Prepare FMU workflow to produce rich metadata

In order to start using fmu-dataio and produce valid metadata for FMU output, some preparations are necessary to your workflow. Expected time consumption is less than an hour.

You will do the following: - Find and enter some key model metadata into global_variables.yml - Include an ERT workflow for establishing case metadata - Include one script for data export

You may also find it helpful to look at the Drogon tutorial project for this. This is in the category “really easy when you know how to do it” so don’t hesitate to ask for help!

Insert key model metadata into global_variables.yml

In fmuconfig/input/, create _masterdata.yml. The content of this file shall be references to master data. We get our master data from SMDA, so you need to do some lookups there to find your masterdata references.

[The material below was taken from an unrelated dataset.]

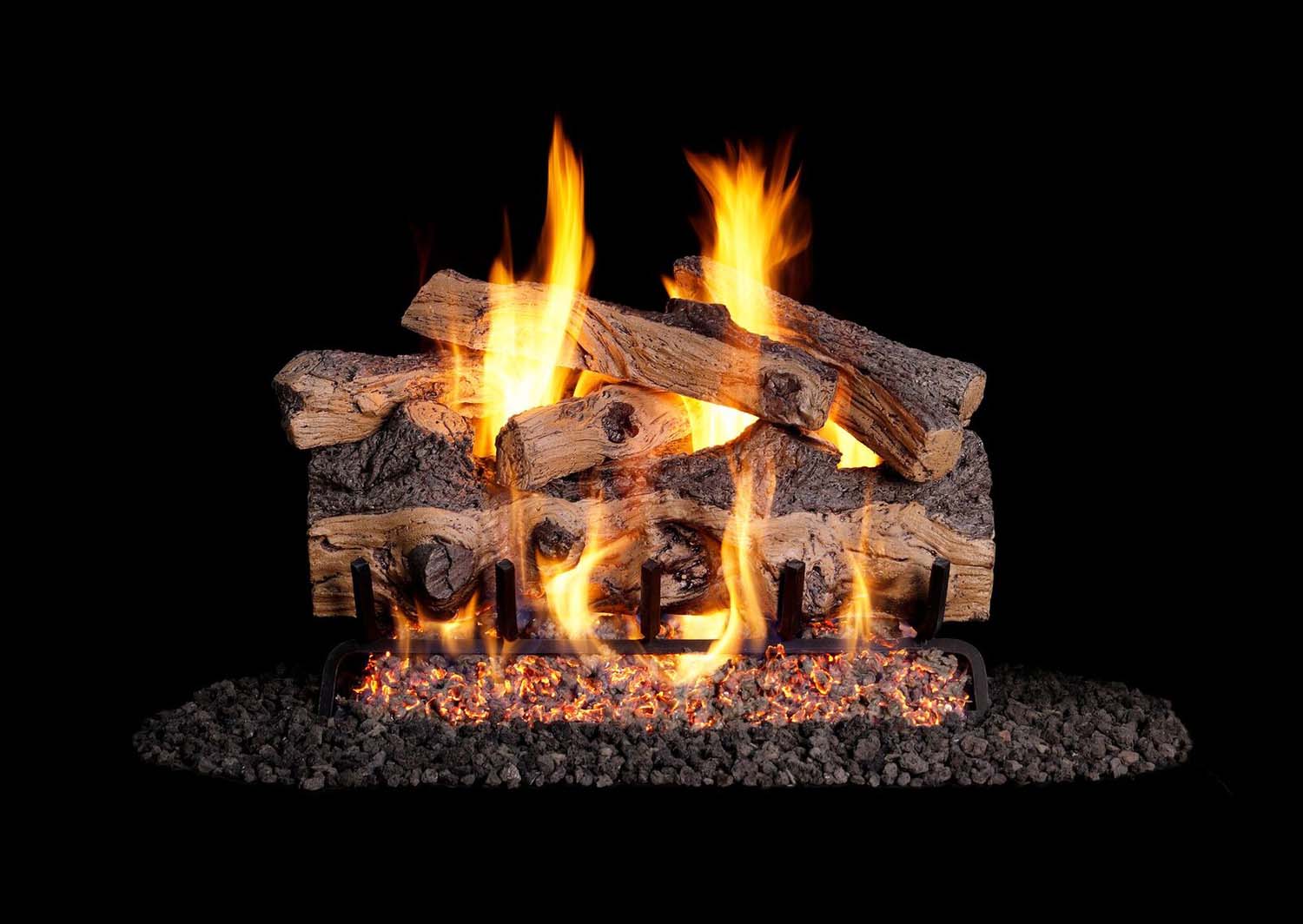Vented gas log set with split oak logs and open flames in a firebox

In the FMU metadata, we currently use 4 master data entries: country, discovery, field, coordinate_system and stratigraphic_column.

Note

Master data are “data about the business entities that provide context for business transactions” (Wikipedia). In other words: Definitions of things that we refer to across processes and entities. E.g. if two software, in two parts of the company, are referring to the same thing, we need to agree on definitions of that specific thing and we need to record those definitions in a way that makes us certain that we are, in fact, referring to the same thing. An example is the country of Norway. Simply saying “Norway” is not enough. We can also refer to Norway as “Norge”, “Noreg”, “Norga”, “Vuodna” or “Nöörje”. So, we define a universally unique identifier for the entity of Norway, and we refer to this instead. And all that various names are properties on this commonly defined entity. These definitions, we store as master data because no single applications shall own this definition.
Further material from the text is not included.